Hoje diz-se que este doce foi criado para aproveitamento de sobras de pão. Pessoalmente, não julgo que esta versão seja exata, porque pão, era o que mais havia nas casas dos padeiros. Nos séculos XVIII, XIX ou até mesmo no início de século XX, pelo que conheci, numa grande parte das casas de Valongo, infelizmente, não haveria sobras de pão, talvez até, em muitas dessas casas, nem migalhas houvesse de sobra. No entanto, numa ou noutra casa sem ser de padeiros, poderia haver algumas sobras e aí sim, poderia ser uma forma de aproveitamento de pão.
Talvez, a sua maior divulgação por outras famílias de Valongo, e de outras terras vizinhas, tenha sido feita pelas «criadas» internas que todos os padeiros tinham como serviçais que, por verem as patroas fazerem este doce simples, aprenderam, e assim o divulgaram nas suas casas. Aí sim, talvez fosse mesmo para aproveitamento de algumas sobras de pão.
As receitas que se conhecem, simples, mas sempre à base de pão, podem ser mais ou menos ricas conforme os ingredientes que nelas são incorporados: pão, ovos, açúcar, canela, água ou em alguns casos usando leite em vez de água. A base principal é sempre o pão, açúcar, canela e algo que lhe permita humidade que possibilite formar um doce com uma consistência amolecida. Cada um e com base no que lhe foi transmitido, usa a sua fórmula cujo resultado, embora com muitas semelhanças, marca sempre as sua diferenças.
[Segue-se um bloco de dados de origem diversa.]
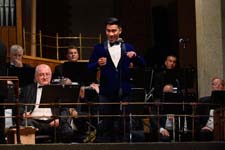 Гала-концерт «Посвящение Елене Образцовой» в филармонии, «Русская музыка на Балтике», 26 Мая 2023г. — фото 24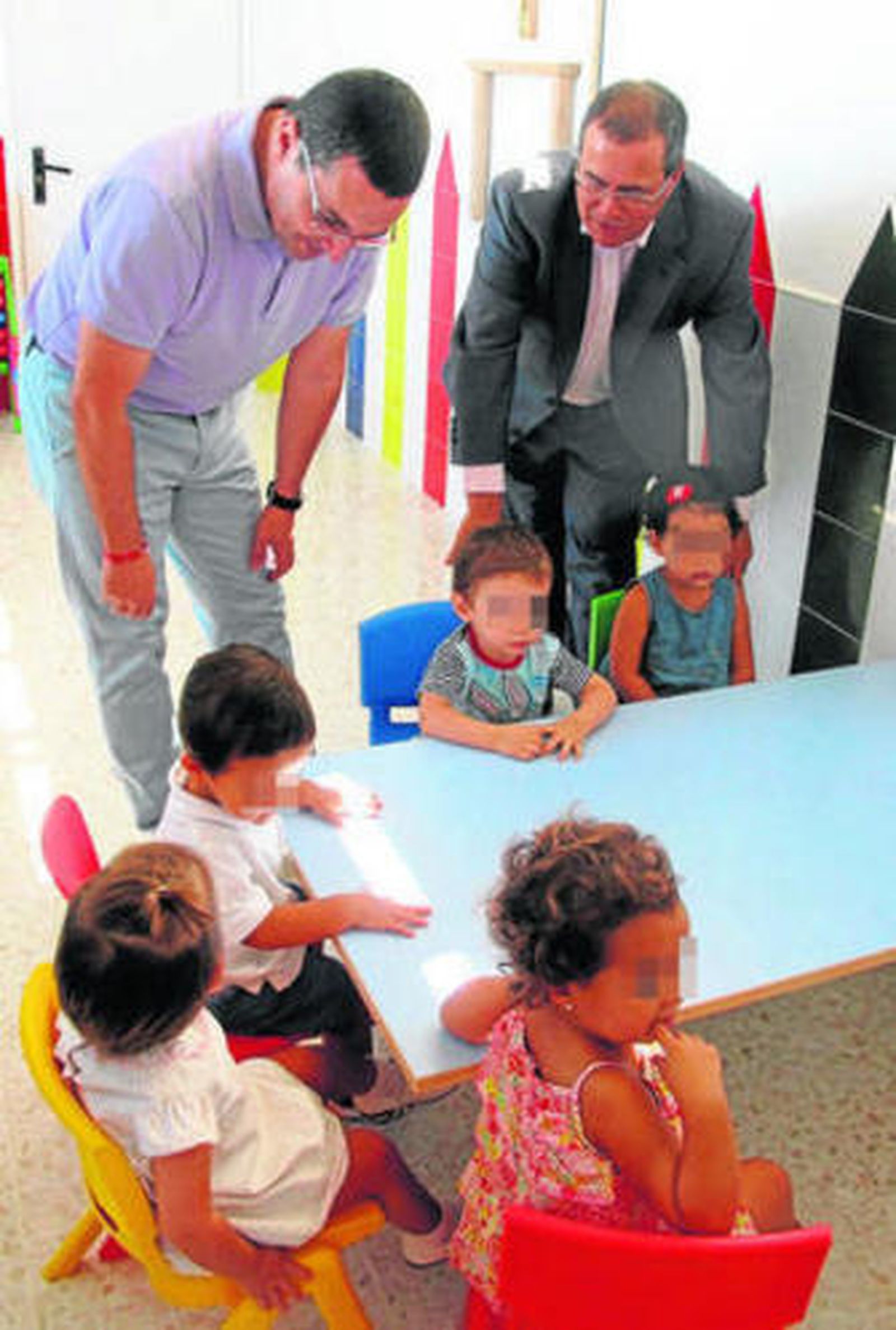 Inauguración del curso en Educación Infantil.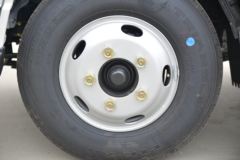 江铃 顺达宽体 122马力 4X2 4.13米冷藏车(国六)(JX5041XLCTG26)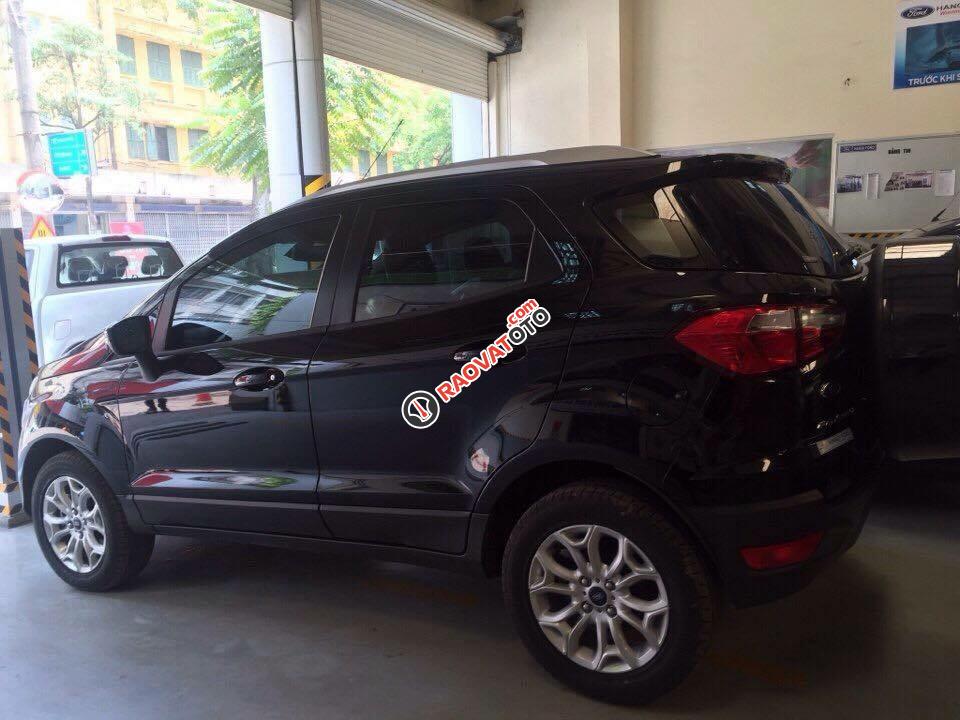 Bán Ford EcoSport 2018 mới 100%, màu đen, giá tốt, hotline 0942552831-3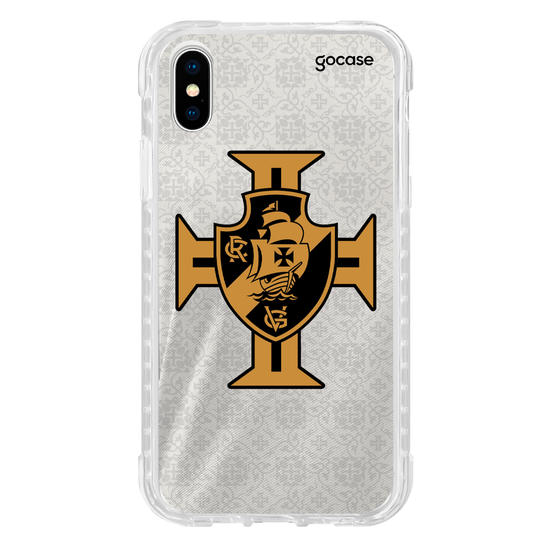 Capinha para celular Vasco da Gama - Uniforme 3 2022 Escudo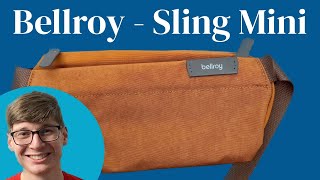 Bellroy Sling Mini  REVIEW [upl. by Ahsaeyt]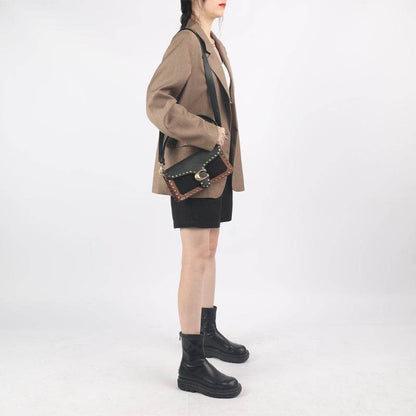 Сумка женская Coach Tabby 26 Rivet Suede Cowhide - Boxette Shop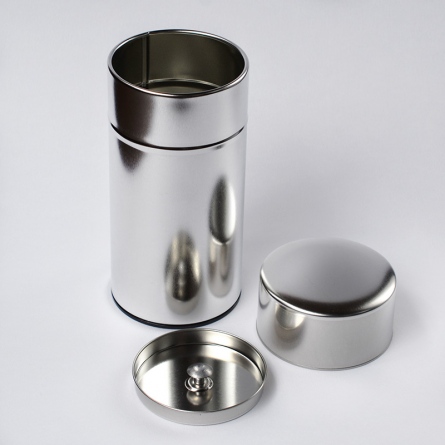 Metal Tea Caddy Large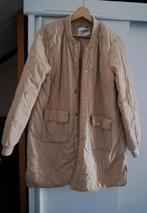 Damesjas - Tussenjas - Maat XL, Kleding | Dames, Ophalen, Beige, Zo goed als nieuw, Maat 46/48 (XL) of groter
Com a criação e instituição da Confraria do Pão, da Regueifa e do Biscoito de Valongo, que tem por lema divulgar o pão, seus atributos, benefícios e possibilidade de diversificar o seu consumo, em boa hora se criou e lançou o concurso ou festa da Sopa Seca, contribuindo assim para o reavivar e incrementar esta tão antiga e deliciosa sobremesa.
Hoje podemos dizer que esta iguaria rejuvenesceu e está de novo implantada na sociedade valonguense e não só, como tem sido provado pela afluência e participação que este concurso ou festa anual tem demonstrado, e pelo conhecimento que se vai tendo, e que a sua divulgação tem provocado.